### [Activity]
Your answer should be only the lines below from the one with "string light canopies" to the one with "Route 66 Security", repeated exactly, ends included.

*** Excerpted records Section Begins ***

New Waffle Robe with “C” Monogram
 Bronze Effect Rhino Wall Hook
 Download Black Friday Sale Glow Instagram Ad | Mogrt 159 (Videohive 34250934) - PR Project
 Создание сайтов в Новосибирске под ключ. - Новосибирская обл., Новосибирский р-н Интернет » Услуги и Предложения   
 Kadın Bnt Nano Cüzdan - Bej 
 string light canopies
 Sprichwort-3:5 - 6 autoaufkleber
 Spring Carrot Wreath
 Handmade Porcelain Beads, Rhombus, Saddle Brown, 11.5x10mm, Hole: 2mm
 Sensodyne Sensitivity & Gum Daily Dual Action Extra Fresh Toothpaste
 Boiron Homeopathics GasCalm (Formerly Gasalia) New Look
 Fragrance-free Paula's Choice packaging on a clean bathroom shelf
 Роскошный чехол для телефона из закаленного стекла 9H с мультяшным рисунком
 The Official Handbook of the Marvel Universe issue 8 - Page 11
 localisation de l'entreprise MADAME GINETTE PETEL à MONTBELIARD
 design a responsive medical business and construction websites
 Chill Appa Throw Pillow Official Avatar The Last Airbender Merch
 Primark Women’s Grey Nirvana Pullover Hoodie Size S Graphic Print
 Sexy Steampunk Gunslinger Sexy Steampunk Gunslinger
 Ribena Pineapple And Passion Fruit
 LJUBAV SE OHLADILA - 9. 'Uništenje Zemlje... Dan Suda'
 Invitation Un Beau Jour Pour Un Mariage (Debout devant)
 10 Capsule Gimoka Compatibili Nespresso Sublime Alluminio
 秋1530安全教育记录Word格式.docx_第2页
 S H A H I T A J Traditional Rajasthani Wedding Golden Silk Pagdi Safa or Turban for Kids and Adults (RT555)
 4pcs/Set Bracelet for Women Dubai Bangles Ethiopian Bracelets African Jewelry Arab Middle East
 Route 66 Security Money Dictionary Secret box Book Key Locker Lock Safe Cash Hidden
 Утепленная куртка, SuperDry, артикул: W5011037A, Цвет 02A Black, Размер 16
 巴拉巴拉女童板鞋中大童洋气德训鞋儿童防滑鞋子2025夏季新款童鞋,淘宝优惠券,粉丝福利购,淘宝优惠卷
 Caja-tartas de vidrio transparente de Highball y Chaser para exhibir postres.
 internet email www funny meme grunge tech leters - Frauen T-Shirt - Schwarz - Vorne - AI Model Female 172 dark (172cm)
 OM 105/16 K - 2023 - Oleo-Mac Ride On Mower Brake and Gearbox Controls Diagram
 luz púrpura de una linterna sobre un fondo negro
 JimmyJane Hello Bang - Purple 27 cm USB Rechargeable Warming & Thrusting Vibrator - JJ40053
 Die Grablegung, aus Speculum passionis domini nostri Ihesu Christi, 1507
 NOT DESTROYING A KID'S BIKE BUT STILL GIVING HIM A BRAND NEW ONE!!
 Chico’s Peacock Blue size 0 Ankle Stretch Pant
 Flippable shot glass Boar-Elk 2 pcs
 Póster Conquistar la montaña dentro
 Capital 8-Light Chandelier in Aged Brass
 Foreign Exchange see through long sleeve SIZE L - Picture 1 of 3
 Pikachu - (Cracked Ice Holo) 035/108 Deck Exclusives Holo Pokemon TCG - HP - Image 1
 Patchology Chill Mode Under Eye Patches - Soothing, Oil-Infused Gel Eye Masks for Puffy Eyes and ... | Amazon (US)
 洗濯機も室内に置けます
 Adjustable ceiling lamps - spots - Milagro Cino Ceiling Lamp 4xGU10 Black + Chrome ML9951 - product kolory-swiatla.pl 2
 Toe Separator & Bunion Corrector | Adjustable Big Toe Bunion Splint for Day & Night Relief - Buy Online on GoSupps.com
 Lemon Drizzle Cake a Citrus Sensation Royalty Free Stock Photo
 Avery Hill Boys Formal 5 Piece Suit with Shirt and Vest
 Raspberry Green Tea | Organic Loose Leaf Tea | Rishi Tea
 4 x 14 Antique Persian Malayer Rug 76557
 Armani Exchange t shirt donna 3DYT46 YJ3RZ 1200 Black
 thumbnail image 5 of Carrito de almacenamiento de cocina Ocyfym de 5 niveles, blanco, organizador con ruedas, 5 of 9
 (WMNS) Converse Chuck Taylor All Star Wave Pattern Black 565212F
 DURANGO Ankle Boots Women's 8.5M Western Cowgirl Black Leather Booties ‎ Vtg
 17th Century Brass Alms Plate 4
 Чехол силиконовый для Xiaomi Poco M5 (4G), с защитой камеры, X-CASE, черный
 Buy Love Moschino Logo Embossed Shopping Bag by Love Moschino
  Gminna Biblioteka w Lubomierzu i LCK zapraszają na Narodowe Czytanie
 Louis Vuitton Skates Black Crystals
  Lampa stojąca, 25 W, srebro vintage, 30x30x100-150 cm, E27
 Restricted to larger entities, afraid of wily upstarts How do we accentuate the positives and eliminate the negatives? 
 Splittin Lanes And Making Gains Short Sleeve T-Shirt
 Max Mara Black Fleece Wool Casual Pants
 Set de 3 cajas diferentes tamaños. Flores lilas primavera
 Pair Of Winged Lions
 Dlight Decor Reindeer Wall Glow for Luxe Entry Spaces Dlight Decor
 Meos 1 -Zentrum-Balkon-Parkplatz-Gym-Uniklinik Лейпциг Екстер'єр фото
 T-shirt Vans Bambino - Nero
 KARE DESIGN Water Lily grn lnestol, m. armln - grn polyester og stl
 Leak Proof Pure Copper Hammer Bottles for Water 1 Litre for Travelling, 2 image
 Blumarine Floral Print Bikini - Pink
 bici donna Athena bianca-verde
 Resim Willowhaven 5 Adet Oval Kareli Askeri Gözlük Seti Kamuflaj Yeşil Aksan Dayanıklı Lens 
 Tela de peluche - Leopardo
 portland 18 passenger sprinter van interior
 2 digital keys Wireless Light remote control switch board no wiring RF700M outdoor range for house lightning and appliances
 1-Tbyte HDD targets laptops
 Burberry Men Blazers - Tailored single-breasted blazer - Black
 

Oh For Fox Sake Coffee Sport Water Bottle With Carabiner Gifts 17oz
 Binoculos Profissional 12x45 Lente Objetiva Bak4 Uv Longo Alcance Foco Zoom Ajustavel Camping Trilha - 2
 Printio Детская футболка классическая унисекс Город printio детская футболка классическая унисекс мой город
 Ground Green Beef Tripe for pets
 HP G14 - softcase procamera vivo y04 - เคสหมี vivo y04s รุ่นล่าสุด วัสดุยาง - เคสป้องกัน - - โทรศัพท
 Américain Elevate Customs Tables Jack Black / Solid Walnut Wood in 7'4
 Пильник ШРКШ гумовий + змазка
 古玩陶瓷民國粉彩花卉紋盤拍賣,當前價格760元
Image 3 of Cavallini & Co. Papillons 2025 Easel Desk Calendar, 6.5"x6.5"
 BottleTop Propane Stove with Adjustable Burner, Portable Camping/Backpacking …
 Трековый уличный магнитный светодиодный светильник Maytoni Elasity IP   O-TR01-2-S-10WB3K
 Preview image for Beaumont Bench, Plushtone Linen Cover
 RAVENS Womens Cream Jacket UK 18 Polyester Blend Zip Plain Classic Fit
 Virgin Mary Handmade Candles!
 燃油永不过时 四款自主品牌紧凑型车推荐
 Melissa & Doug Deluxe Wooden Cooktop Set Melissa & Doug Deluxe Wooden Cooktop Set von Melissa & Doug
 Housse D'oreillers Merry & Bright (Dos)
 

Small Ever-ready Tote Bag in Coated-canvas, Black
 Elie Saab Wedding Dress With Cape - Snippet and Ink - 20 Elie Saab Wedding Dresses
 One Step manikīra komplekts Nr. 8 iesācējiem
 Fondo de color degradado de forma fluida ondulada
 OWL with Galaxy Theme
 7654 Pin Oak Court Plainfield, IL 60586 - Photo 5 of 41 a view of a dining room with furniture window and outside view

*** Excerpted records Section Ends ***

### [Your solution]
 string light canopies
 Sprichwort-3:5 - 6 autoaufkleber
 Spring Carrot Wreath
 Handmade Porcelain Beads, Rhombus, Saddle Brown, 11.5x10mm, Hole: 2mm
 Sensodyne Sensitivity & Gum Daily Dual Action Extra Fresh Toothpaste
 Boiron Homeopathics GasCalm (Formerly Gasalia) New Look
 Fragrance-free Paula's Choice packaging on a clean bathroom shelf
 Роскошный чехол для телефона из закаленного стекла 9H с мультяшным рисунком
 The Official Handbook of the Marvel Universe issue 8 - Page 11
 localisation de l'entreprise MADAME GINETTE PETEL à MONTBELIARD
 design a responsive medical business and construction websites
 Chill Appa Throw Pillow Official Avatar The Last Airbender Merch
 Primark Women’s Grey Nirvana Pullover Hoodie Size S Graphic Print
 Sexy Steampunk Gunslinger Sexy Steampunk Gunslinger
 Ribena Pineapple And Passion Fruit
 LJUBAV SE OHLADILA - 9. 'Uništenje Zemlje... Dan Suda'
 Invitation Un Beau Jour Pour Un Mariage (Debout devant)
 10 Capsule Gimoka Compatibili Nespresso Sublime Alluminio
 秋1530安全教育记录Word格式.docx_第2页
 S H A H I T A J Traditional Rajasthani Wedding Golden Silk Pagdi Safa or Turban for Kids and Adults (RT555)
 4pcs/Set Bracelet for Women Dubai Bangles Ethiopian Bracelets African Jewelry Arab Middle East
 Route 66 Security Money Dictionary Secret box Book Key Locker Lock Safe Cash Hidden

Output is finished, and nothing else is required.